Kedi, yayılmak için kendisine, televizyona en yakın olan tekli koltuğu seçmişti. Ve çizgi filmini izlerken kısa sürede horlamaya başladı. O, anın keyfini sürerken aynı odada duran adam ve kadın onun için küçük çaplı bir kriz yaşıyordu.
Emre, Melis’in kediden vazgeçmek istememesini anlıyordu. Zorro yaralandığında onun için endişelenmişti, elinden geleni yapmıştı. Bu kadar emek harcadıktan sonra vazgeçmemek istemesi çok olağandı. Ancak kendisi de yıllardır Zorro’ylaydı. Son olaydan önceki her hastalığında ve nice zorluğunda o vardı. Aynı zamanda kendi yaşadığı zorluklarda da kedisi yanındaydı. Ondan vazgeçemezdi.

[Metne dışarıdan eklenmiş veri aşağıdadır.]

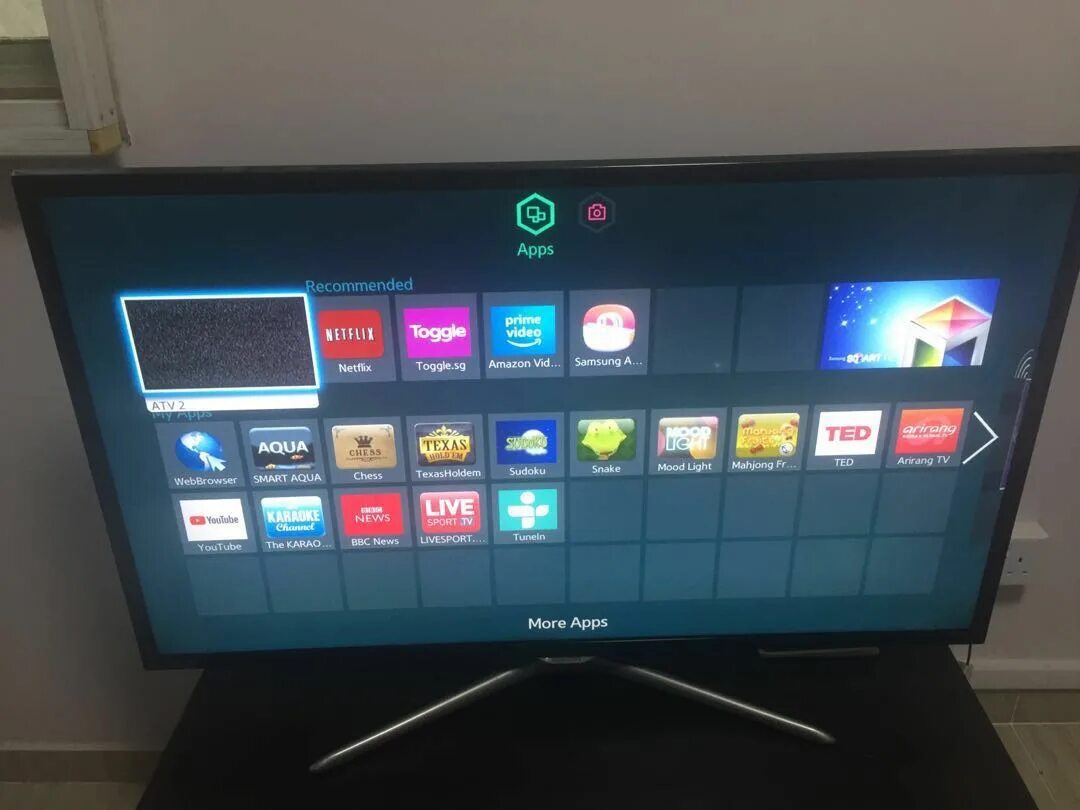 Японский телевизор samsung smart 2010. Смарт телевизор караоке. Виджеты на телевизоре самсунг смарт тв. Караоке телевизор самсунг смарт тв. Микрофон к телевизору самсунг смарт тв.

Melis ise daha çok sevdiği şeye odaklanmıştı. Kısa süre içinde Kakao bütün hayatına girmişti. Ona daha önce ne kadar yalnız olduğunu hatırlatmıştı. Evet, kedinin gerçek sahibi belli ki Emre’ydi ve belki de adil olan geri çekilmekti. Ancak tekrar yalnız kalmak istemiyordu.

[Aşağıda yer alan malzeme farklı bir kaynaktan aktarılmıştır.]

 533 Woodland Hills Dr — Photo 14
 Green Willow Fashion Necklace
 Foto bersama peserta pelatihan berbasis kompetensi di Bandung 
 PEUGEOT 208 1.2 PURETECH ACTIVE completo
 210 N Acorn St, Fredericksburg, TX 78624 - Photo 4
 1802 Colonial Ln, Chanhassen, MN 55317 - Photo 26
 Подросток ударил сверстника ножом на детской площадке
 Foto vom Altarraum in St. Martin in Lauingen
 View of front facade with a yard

İkisi de kavganın dozunu arttırmadan sakin kalarak bu işi çözmeye niyetliydi. Çünkü bugünden sonra kaybedebilecekleri tek şeyin kedi olmadığının da farkındaydılar. En sonunda Emre kedinin gündüzleri kafede, geceleri de kendisiyle olabileceği gibi bir uzlaşma ortaya attı. Ancak Melis bunu ilk başta pek makul bulmadı.

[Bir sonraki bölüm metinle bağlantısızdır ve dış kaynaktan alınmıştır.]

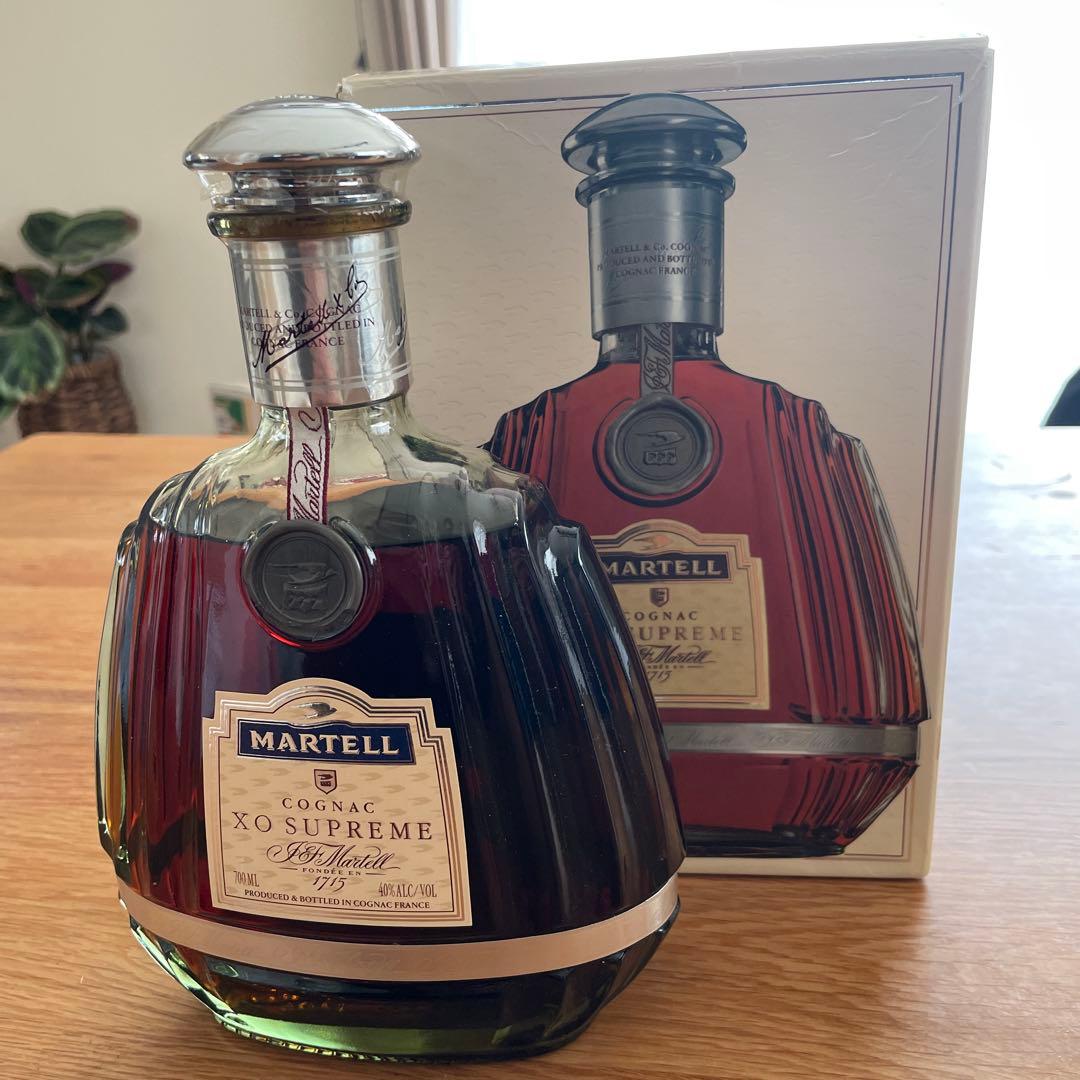 MARTELL XO SUPREME コニャック 700ml 箱入り 古酒 マーテル コニャック XO スプリーム グリーンボトル 40% 700ml 箱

- İyi de kafede zaten çalışıyorum, düzgünce vakit geçiremem ki, dedi
- Ona bakarsan sekiz saat uykuda geçiyor. Hem seninle olduğu süre de daha fazla olacak aslında.
Melis yine de ikna olmadı. Kedisine sarılıp uyumayı özleyecekti. Bu plana ek olarak bazı geceler kedinin Melis’te kalabileceği konusunda anlaştılar. Elbette ikisi de bunun çok mantıklı bir çözüm olmadığının farkındaydı. Bu temponun sürekliliğini sağlamak pek de mümkün değildi. Diğer yandan başka hiçbir gerekçe olmaksızın sabah akşam birbirleri ile iletişim kurma şansları olacaktı. Biraz da bu yüzden ikisi de bu durumun geçiciliğini görmezden gelmeyi tercih etti.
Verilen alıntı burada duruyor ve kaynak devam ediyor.